Parametric PDE Control with Deep Reinforcement Learning and Differentiable L0-Sparse Polynomial Policies
This work addresses the need for efficient and interpretable control in engineering and science applications involving parametric PDEs, offering an incremental improvement over existing DRL methods by enhancing sparsity and robustness.
The paper tackles the problem of over-parametrized deep neural network control policies in deep reinforcement learning for parametric PDEs, which require large training data and lack robustness and interpretability, by proposing a method using dictionary learning and differentiable L0 regularization to learn sparse, robust, and interpretable policies; it shows that this method outperforms baseline DNN-based policies, allows derivation of interpretable control equations, and generalizes to unseen PDE parameters without retraining.

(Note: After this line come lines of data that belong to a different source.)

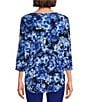 Color:Royal Bouquet - Image 2 - Slim Factor by Investments Royal Bouquet Print V Neck Criss Cross 3/4 Sleeve Knit Top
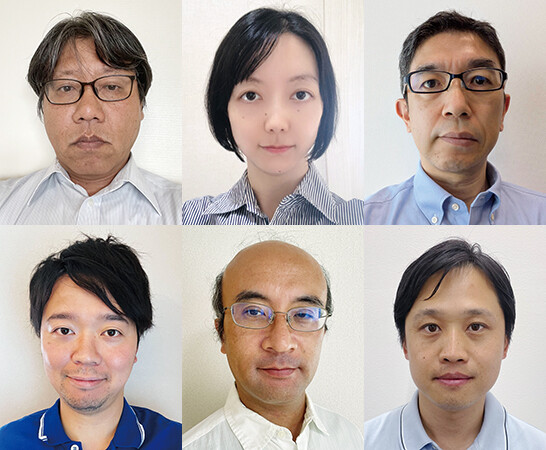 （上段左から）岡　順一／史　旭／水野　伸太郎（下段左から）鈴木　聡志／中澤　裕一／高木　基宏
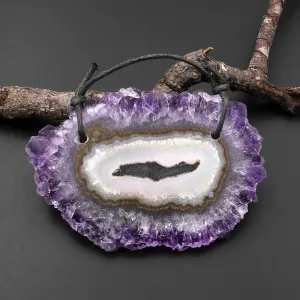 2 Hole Pendant Natural Amethyst Stalactite Flower Pendant Flat Slice Freeform One of a Kind P0103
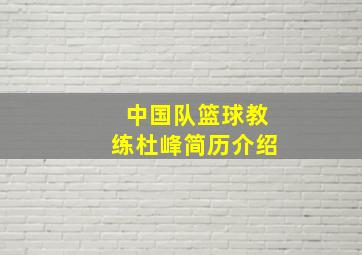 中国队篮球教练杜峰简历介绍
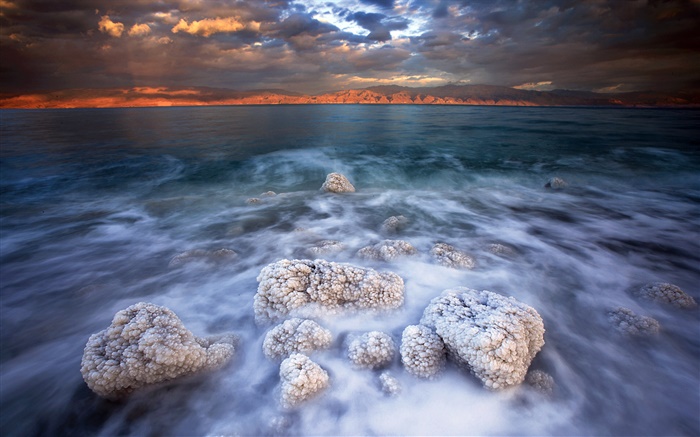 Totes Meer, Salz, wolken, dämmerung Hintergrundbilder Bilder
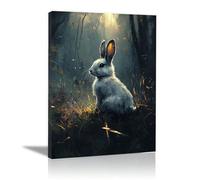 AIHNBF Tableau Mural Lapin Forêt Toile Imprimée Animal Nature Moderne Décoration Ambiance Sereine pour Salon Chambre Bureau 20 x 30 cm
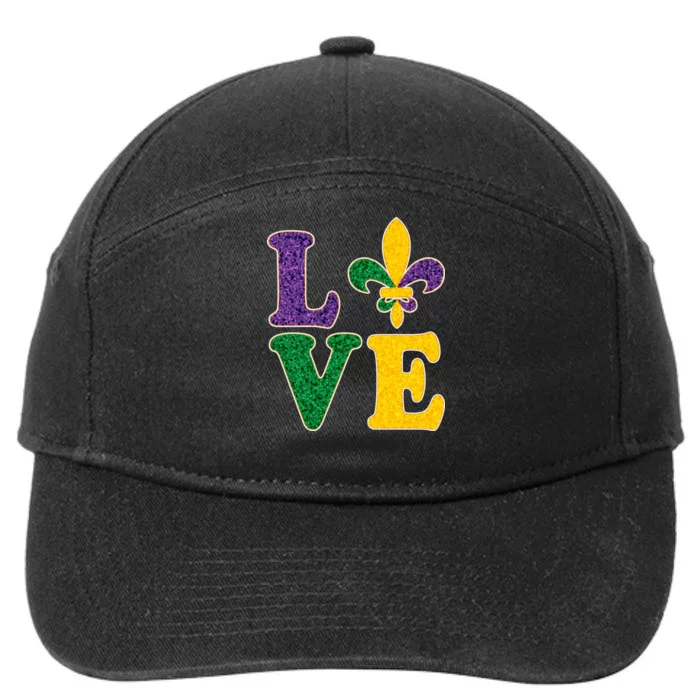 Mardi Gras Love Spade 7-Panel Snapback Hat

Optimal control of parametric partial differential equations (PDEs) is crucial in many applications in engineering and science. In recent years, the progress in scientific machine learning has opened up new frontiers for the control of parametric PDEs. In particular, deep reinforcement learning (DRL) has the potential to solve high-dimensional and complex control problems in a large variety of applications. Most DRL methods rely on deep neural network (DNN) control policies. However, for many dynamical systems, DNN-based control policies tend to be over-parametrized, which means they need large amounts of training data, show limited robustness, and lack interpretability. In this work, we leverage dictionary learning and differentiable L$_0$ regularization to learn sparse, robust, and interpretable control policies for parametric PDEs. Our sparse policy architecture is agnostic to the DRL method and can be used in different policy-gradient and actor-critic DRL algorithms without changing their policy-optimization procedure. We test our approach on the challenging tasks of controlling parametric Kuramoto-Sivashinsky and convection-diffusion-reaction PDEs. We show that our method (1) outperforms baseline DNN-based DRL policies, (2) allows for the derivation of interpretable equations of the learned optimal control laws, and (3) generalizes to unseen parameters of the PDE without retraining the policies.